The luxury tax will continue to kick in when total player salaries exceed 61.1 percent of total basketball revenues. According to the league's press release, tax treatment for injured players and minimum-salary players will be liberalized. However, there are no details on what exactly that means.

Under the old agreement, luxury tax revenues were redistributed to non tax paying teams. Under the new agreement, luxury tax revenues will be distributed evenly among all 30 clubs. That means, in essence, that high paying tax teams like the Knicks will get a partial rebate on the taxes they paid.

The new CBA also makes two new exceptions to the luxury tax and salary cap, according to Granik.

First, under current rules players who are determined to be "permanently injured" cannot be taken off the books for two years. In the new agreement that number will be reduced to one.

Second, each team will be given a one-time option this summer to waive one player from its roster and receive luxury tax relief. The team will still have to pay the player and his salary will still count against the cap, but the team won't have to pay a luxury tax on his salary. For example, the Knicks' Allan Houston might a candidate to be waived because of this rule.

Player escrow accounts

Currently, players must pay 10 percent of their salaries into an escrow account each season. If, at season's end, the total amount of player salaries exceeds 57 percent of the league's total basketball-related income, that money goes to the owners. If it doesn't exceed 57 percent, the players get their money back.
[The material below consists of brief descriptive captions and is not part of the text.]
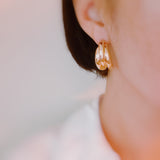 Statement earrings featuring bold interlocking loops in a polished gold-tone finish—offering a modern, sculptural look with standout appeal.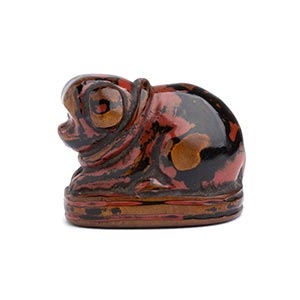 A LACQUERED WOOD NETSUKE OF A PUPPY19th ... 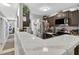 This open kitchen offers stone countertops, stainless steel appliances and a bar for gathering at 1400 Gandy N Blvd # 809, St Petersburg, FL 33702
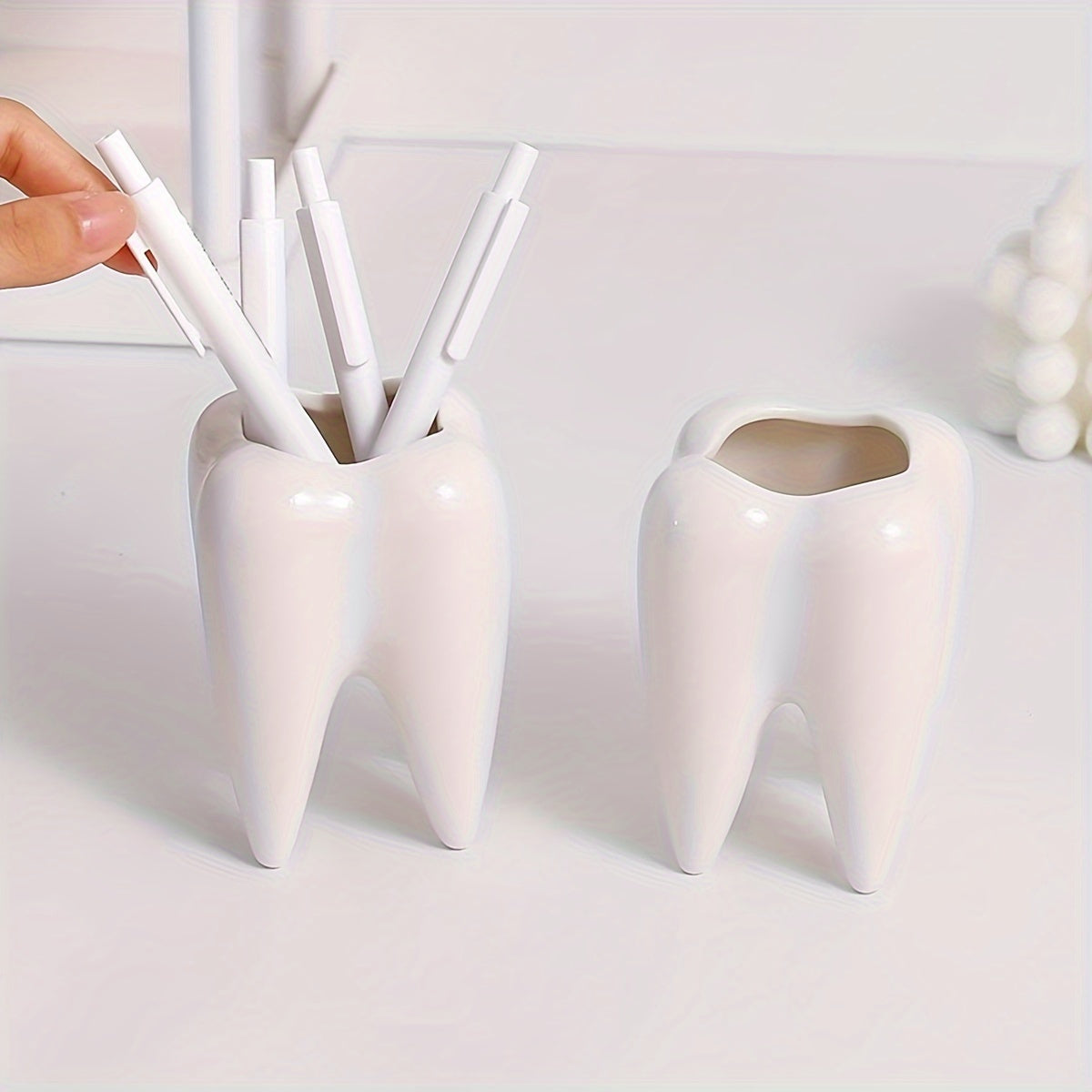 Tooth-shaped ceramic pen holder for desk or bathroom storage.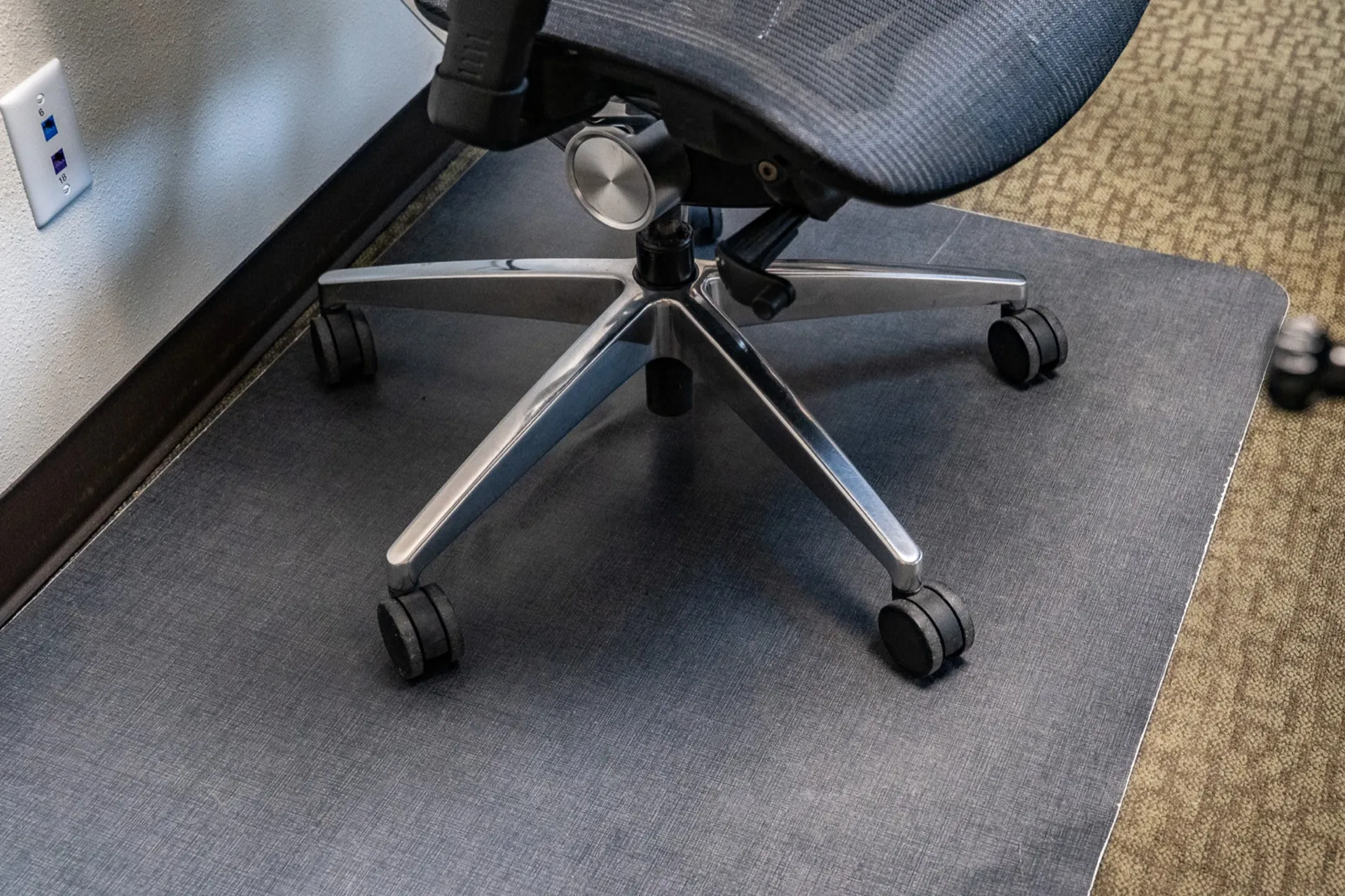The same office chair base spotless after cleaning, with a dust-free mat and polished casters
For the past two seasons, salaries have been hovering at more than 60 percent of BRI, and the owners who have kept their payrolls below the league's luxury-tax threshold (and a few that have fallen within a certain "cliff threshold") have gotten millions back from the players.

The windfall teams got last year from the escrow tax and fees paid by owners who were over the luxury-tax threshold put roughly $8 million back in the pockets of those owners who were under the tax or in the cliff threshold.

For several teams, that rebate meant the difference between turning a profit and posting a loss for the season.

Owners compromised by agreeing to phase down the escrow taxes. Next season 10 percent will be take from paychecks if the threshold occurs. In seasons two through five of the deal, it will drop to nine percent. In the sixth year of the deal, it will drop again, to eight percent.

There is another significant development in this area. Under current rules, the NBA has sole discretion over the use of the escrow money. Currently, it redistributes the cash to teams that are under the luxury tax threshold. In essence, Los Angeles Clippers owner Donald Sterling gets a bonus for being cheap.

In the new agreement, the escrow money will be distributed equally among all 30 teams, lessening the impact of the luxury tax.

Trade rules

For years, both GMs and players have been complaining about restrictive trade rules that mandate all trades be within 115 percent and $100,000 of each other. Those rules make many prospective trades impossible.

The trade rules will be significantly loosened under the new CBA. The gap allowed between salaries traded and received will be increased to 125 percent and $100,000.